Are you a linen lover?  From my experience with selling the fabric, it seems to be one of those fabrics that people either love or hate.  The haters are mainly concerned with the wrinkling aspect of the fabric.  But those who love linen, call them status wrinkles!

I’m an all natural girl, so while admittedly, I don’t have a lot of linen outfits in my wardrobe, I’m not one to turn down the fabric if something exciting crosses my path!  When this fabric arrived in store (it comes in black and dark navy), I immediately took home a piece of the dark navy (too much black in my closet) wondering what design I could use to showcase the two sides of this fantastic fabric.


I had the “ah ha” moment at one of the Sunday forums when one of the ladies (Thanks Marian!) showed her cotton top using Marcy Tilton’s Vogue 9193 pattern.

I liked the idea of split top where I could use the light side of the fabric on the top half of the garment, and the darker side for the bottom part.  It also had an interesting in seam pocket detail.  I chose to do the sleeveless top because it would be cooler to wear during the summer, and, quite frankly, because I didn’t have enough fabric for sleeves!

I also searched around for some fabric for the pants as the pants looked interesting with the repeating pocket detail.  Unfortunately we didn’t have a dark enough navy in the linen, but I did discover the dark navy narrow silk noile worked well with the linen.
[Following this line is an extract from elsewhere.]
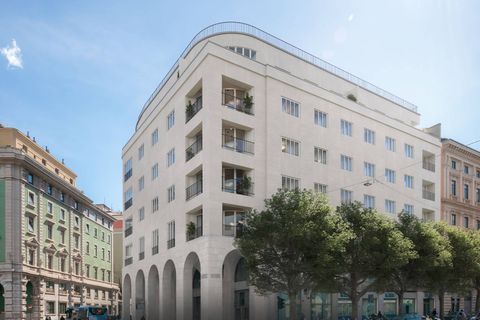 Leilighet i Trieste, Trieste, Trieste - € 155 000 | Ref: ATH0899 - foto 5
The entire project was easy to put together.  The only thing I would suggest regarding the construction of the top, is to use a small piece of light weight fusible interfacing (I used sewer’s dream) to reinforce the “clip to stitching line” turn point of the pocket.  It is not suggested in the pattern instructions, but I like to use it to prevent future fraying in that area.


So why the title of this post?  Too much of a good thing?  I like the top.  It has an interesting design feature.  I like the pants since they have the same design feature.


However, I don’t really like the two garments together.  I felt there was too much fabric around the middle.  And who needs extra bulk there?  I could better see the top being worn with a simple pull on, narrower cut pant.  Also, the length of the top hides the design feature of the pants.  Or I could see the pants being worn with a fitted t-shirt or blouse.  Either of which would take away the volume of puff from around the middle.

So now I’m off to make a simple white t-shirt because apparently my current wardrobe is lacking such a basic.  Who’da thought!